It´s a marxist word. To explain it quickly, the worker does part of his daily job to pay his subsistence (his salary). All the rest of his working hours go to the owner of the capital, and is called "pluvalía" (surplus)
Saludo.


----------



## William Stein

Argieman said:


> It´s a marxist word. To explain it quickly, the worker does part of his daily job to pay his subsistence (his salary). All the rest of his working hours go to the owner of the capital, and is called "pluvalía" (surplus)
> Saludo.



I know it's a Marxist word, when I said I read a "little" it means I suffered through all of "The Communist Manifesto" and a few chapters of "Das Kapital" (I think I still have indigestion from that!). What I mean is that a Marxist term would never be used in a business text of this type, or only very rarely (maybe in some psedo-Marxist Chinese factory manual).


----------



## Argieman

Jaja! Yes, you´re right. Das Kapital produces indigestion, peptic ulcers, jaundice and convulsions, you were lucky! 
But the thing is that businessmen never use the word "plusvalía". In spanish, this word is limited to marxism, exclusively. That´s why I think that the whole text is marxist. 
The chinese factory manual still keeps me laughing...


----------



## William Stein

The OP said the context was Argentina:
"The broader context is the recovered businesses of Argentina, which are getting by with outdated (but still functional) equipment. They tend to extend the working day to compensate for their disadvantages."
The author of the text probably isn't a hardcore Marxist if he's talking about how to maximize profits and all that, but who knows, that can only be clarified by the OP who has apparently gone out to dinner or is doing something more interesting now.

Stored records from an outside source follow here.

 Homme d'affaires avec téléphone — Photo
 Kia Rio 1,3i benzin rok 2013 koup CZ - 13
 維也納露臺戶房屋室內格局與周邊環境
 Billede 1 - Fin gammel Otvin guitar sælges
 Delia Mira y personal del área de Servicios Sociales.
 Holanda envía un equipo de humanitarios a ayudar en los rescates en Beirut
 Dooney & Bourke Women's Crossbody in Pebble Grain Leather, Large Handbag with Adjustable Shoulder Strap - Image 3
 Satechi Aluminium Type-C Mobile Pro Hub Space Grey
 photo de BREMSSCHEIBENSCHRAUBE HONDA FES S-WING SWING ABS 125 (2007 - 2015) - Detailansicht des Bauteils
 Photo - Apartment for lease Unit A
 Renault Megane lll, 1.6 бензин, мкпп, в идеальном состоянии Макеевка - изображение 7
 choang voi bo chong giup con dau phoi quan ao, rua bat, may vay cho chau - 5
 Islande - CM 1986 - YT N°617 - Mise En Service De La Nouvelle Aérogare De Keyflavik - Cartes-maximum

Argieman: Google "plusvalia" + "value added"


----------



## Estebandido

William Stein said:


> I know it's a Marxist word, when I said I read a "little" it means I suffered through all of "The Communist Manifesto" and a few chapters of "Das Kapital" (I think I still have indigestion from that!). What I mean is that a Marxist term would never be used in a business text of this type, or only very rarely (maybe in some psedo-Marxist Chinese factory manual).



The recovered businesses attract attention from people across the political spectrum, or at least from a wide variety of types of leftists. The text I was struggling with is from a conference, so there's a lot of academic jargon, to go along with the political jargon. So, yes, I'm pretty sure the author was using it in the Marxist sense. 

Argieman, I used "businesses" because "empresas recuperadas" is consistently translated as "recovered businesses," so I want to keep it consistent even when the "recovered" part is implicit. And, normally, I'd use your suggestion to translate "proyectar" as "make the most of," but I can't picture a situation where the workers wouldn't be able to make the most of their technology. I'm using "expand" to mean buying more (outdated) technology, as distinguished from replacing the outdated technology with new technology.


----------



## Argieman

Estebandido said:


> Yeah, it's a very stilted sentence. The broader context is the recovered businesses of Argentina, which are getting by with outdated (but still functional) equipment. They tend to extend the working day to compensate for their disadvantages.
> 
> Here's the preceding sentence, if it helps: "[E]n estas experiencias, la “estrategia competitiva” puede echar mano de mecanismos como la extensión de la jornada de trabajo no remunerada o inclusive la flexibilización de la masa salarial para acompañar las oscilaciones del mercado."
> 
> That's a very helpful tip on "echar mano" -- thanks.





William Stein said:


> I know it's a Marxist word, when I said I read a "little" it means I suffered through all of "The Communist Manifesto" and a few chapters of "Das Kapital" (I think I still have indigestion from that!). What I mean is that a Marxist term would never be used in a business text of this type, or only very rarely (maybe in some psedo-Marxist Chinese factory manual).


i*Hey William, listen!*
This particular quote of the text shows us clearly that it´s a marxist text. It´s usual here to listen "to extend the working hours without payment" and "salary mass flexibilization" from leftist politicians, that´s why I think the whole text is marxist, and not a business text.


----------



## Estebandido

Argieman said:


> Pobre Estebandido, le tocó un material escrito en un español enmarañado. o



I forgot to mention that the Spanish text is actually a translation from Portuguese.


----------



## Argieman

Estebandido said:


> The recovered businesses attract attention from people across the political spectrum, or at least from a wide variety of types of leftists. The text I was struggling with is from a conference, so there's a lot of academic jargon, to go along with the political jargon. So, yes, I'm pretty sure the author was using it in the Marxist sense.
> 
> Argieman, I used "businesses" because "empresas recuperadas" is consistently translated as "recovered businesses," so I want to keep it consistent even when the "recovered" part is implicit. And, normally, I'd use your suggestion to translate "proyectar" as "make the most of," but I can't picture a situation where the workers wouldn't be able to make the most of their technology. I'm using "expand" to mean buying more (outdated) technology, as distinguished from replacing the outdated technology with new technology.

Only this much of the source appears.